(Image-caption web data)
------------------------------------------------------------------------

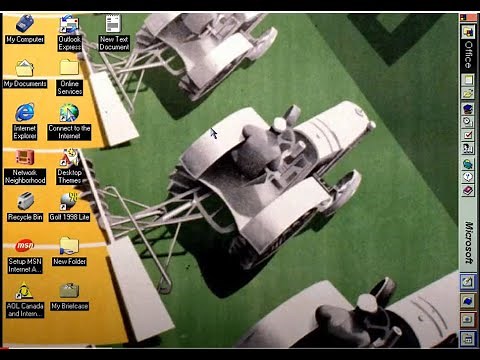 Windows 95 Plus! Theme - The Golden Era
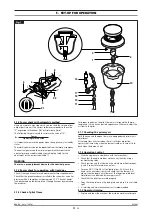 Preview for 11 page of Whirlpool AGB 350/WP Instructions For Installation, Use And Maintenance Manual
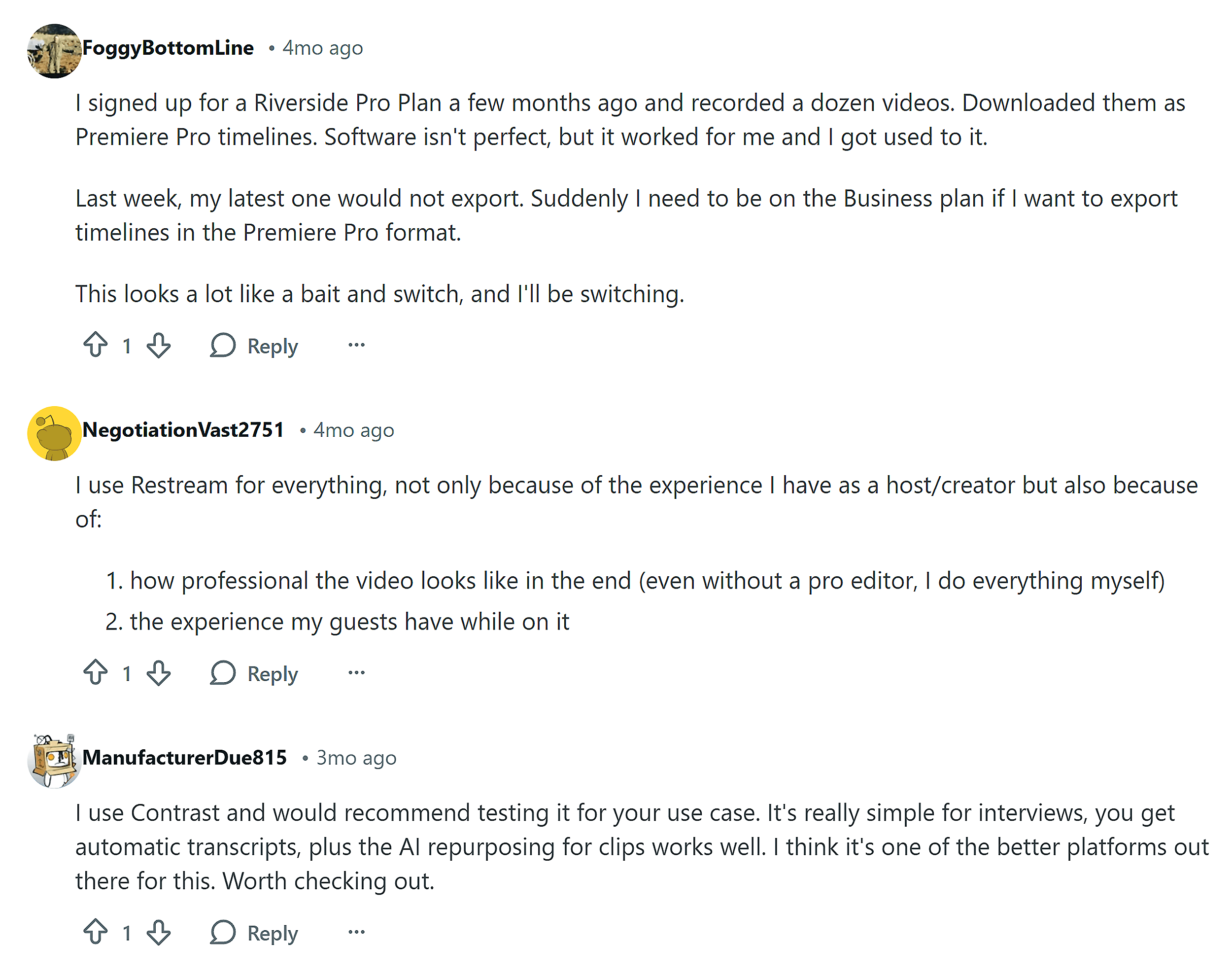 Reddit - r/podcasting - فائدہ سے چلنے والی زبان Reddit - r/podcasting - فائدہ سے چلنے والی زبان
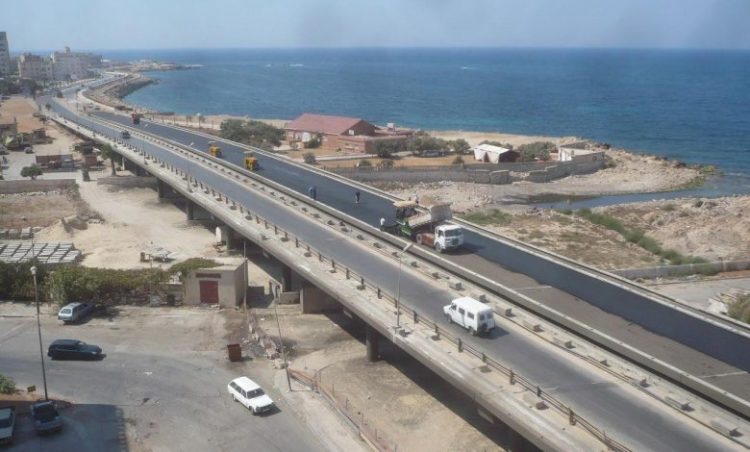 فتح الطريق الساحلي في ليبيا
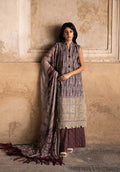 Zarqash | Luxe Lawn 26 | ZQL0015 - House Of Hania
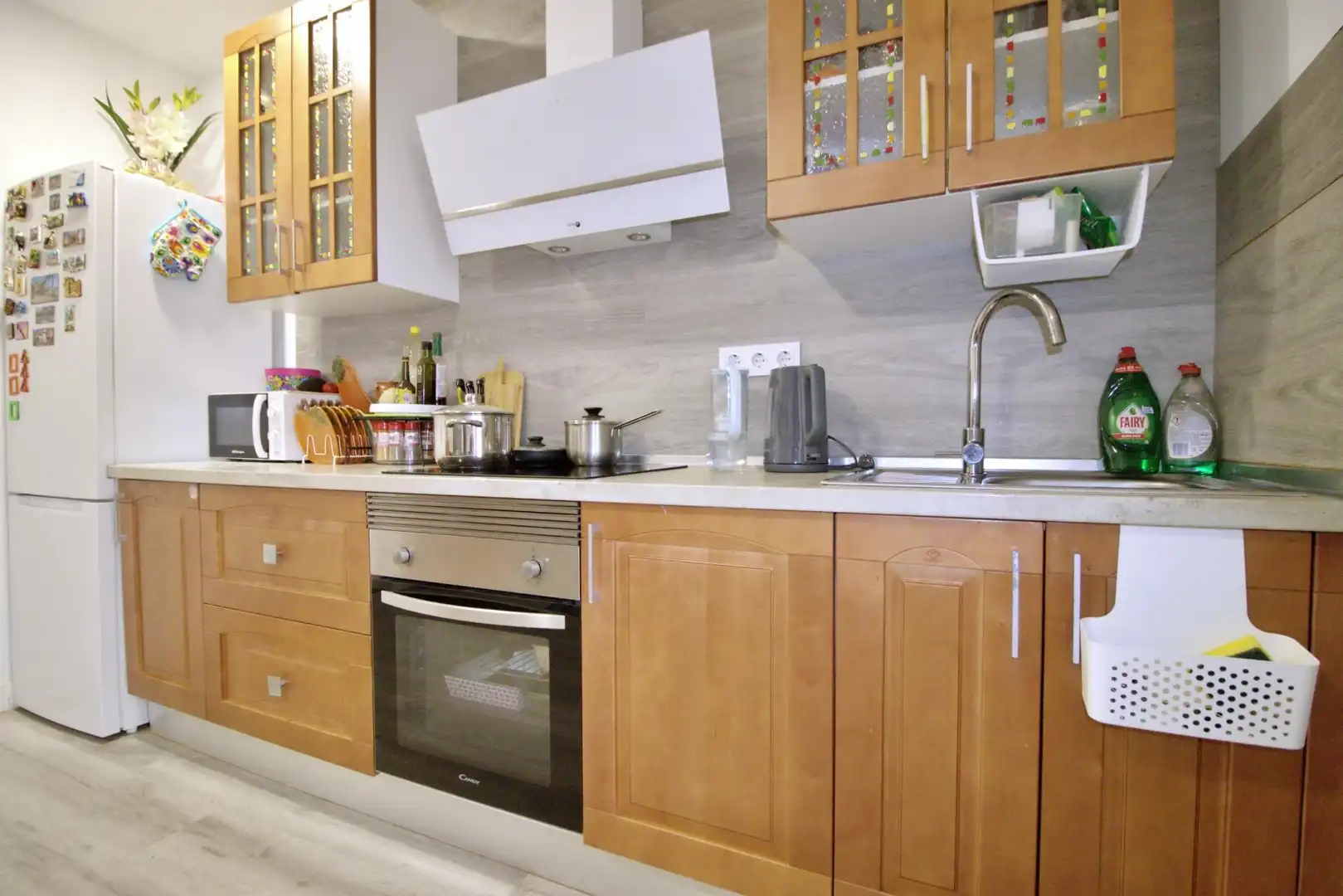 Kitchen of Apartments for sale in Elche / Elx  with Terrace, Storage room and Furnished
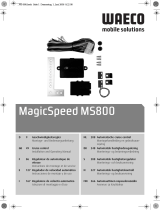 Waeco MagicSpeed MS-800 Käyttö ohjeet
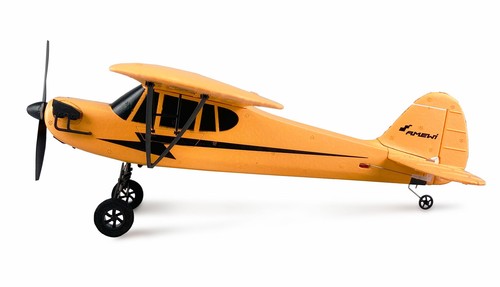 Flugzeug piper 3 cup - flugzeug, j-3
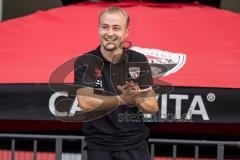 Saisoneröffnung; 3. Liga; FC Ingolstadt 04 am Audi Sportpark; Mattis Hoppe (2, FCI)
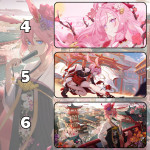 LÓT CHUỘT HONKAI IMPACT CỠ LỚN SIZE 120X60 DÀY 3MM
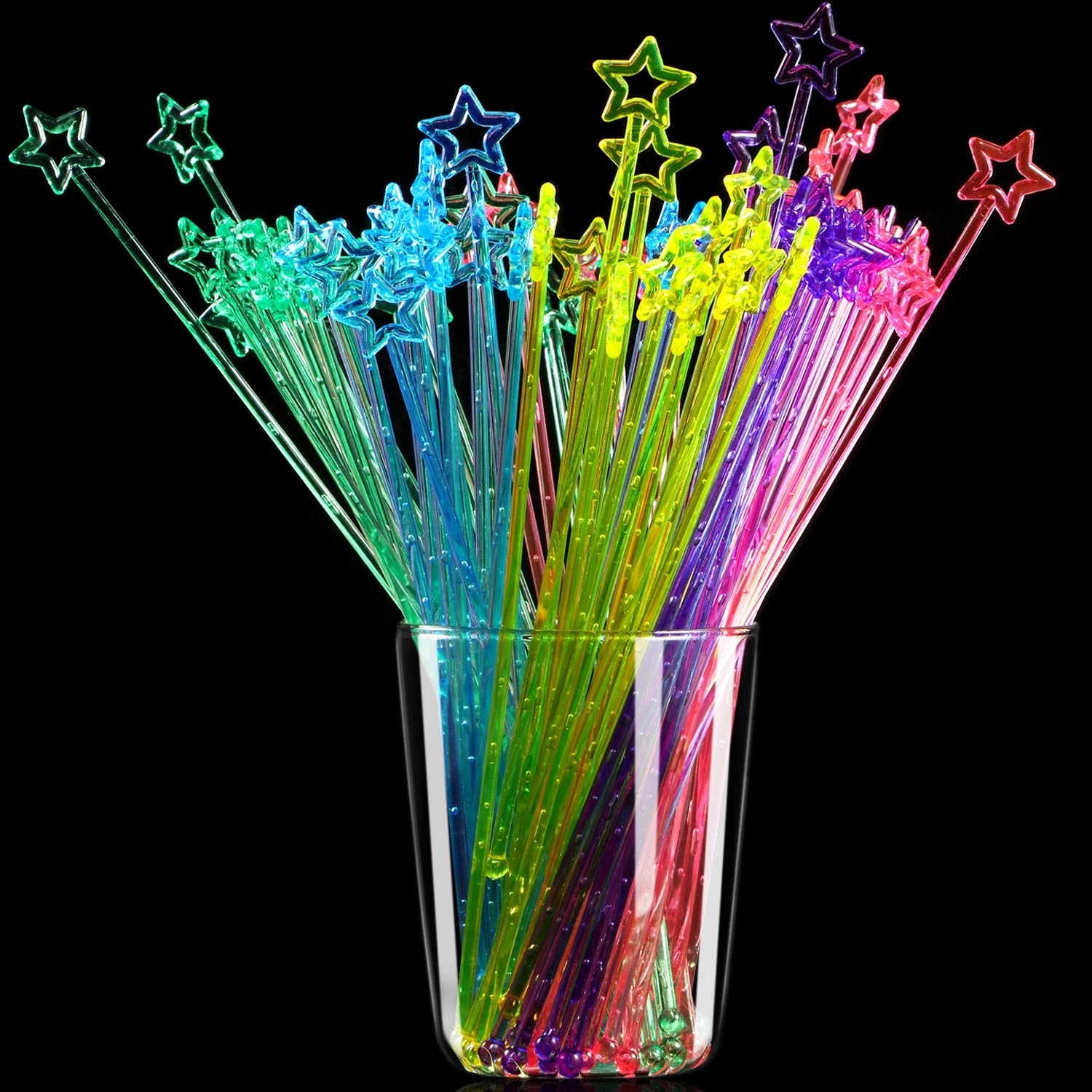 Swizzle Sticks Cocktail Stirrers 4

------------------------------------------------------------------------

Transcribe every record above exactly, leaving out the pictures.

_Response for this exercise_
 Windows 95 Plus! Theme - The Golden Era
 Preview for 11 page of Whirlpool AGB 350/WP Instructions For Installation, Use And Maintenance Manual
 Reddit - r/podcasting - فائدہ سے چلنے والی زبان Reddit - r/podcasting - فائدہ سے چلنے والی زبان
 فتح الطريق الساحلي في ليبيا
 Zarqash | Luxe Lawn 26 | ZQL0015 - House Of Hania
 Kitchen of Apartments for sale in Elche / Elx  with Terrace, Storage room and Furnished
 Waeco MagicSpeed MS-800 Käyttö ohjeet
 Flugzeug piper 3 cup - flugzeug, j-3
 Saisoneröffnung; 3. Liga; FC Ingolstadt 04 am Audi Sportpark; Mattis Hoppe (2, FCI)
 LÓT CHUỘT HONKAI IMPACT CỠ LỚN SIZE 120X60 DÀY 3MM
 Swizzle Sticks Cocktail Stirrers 4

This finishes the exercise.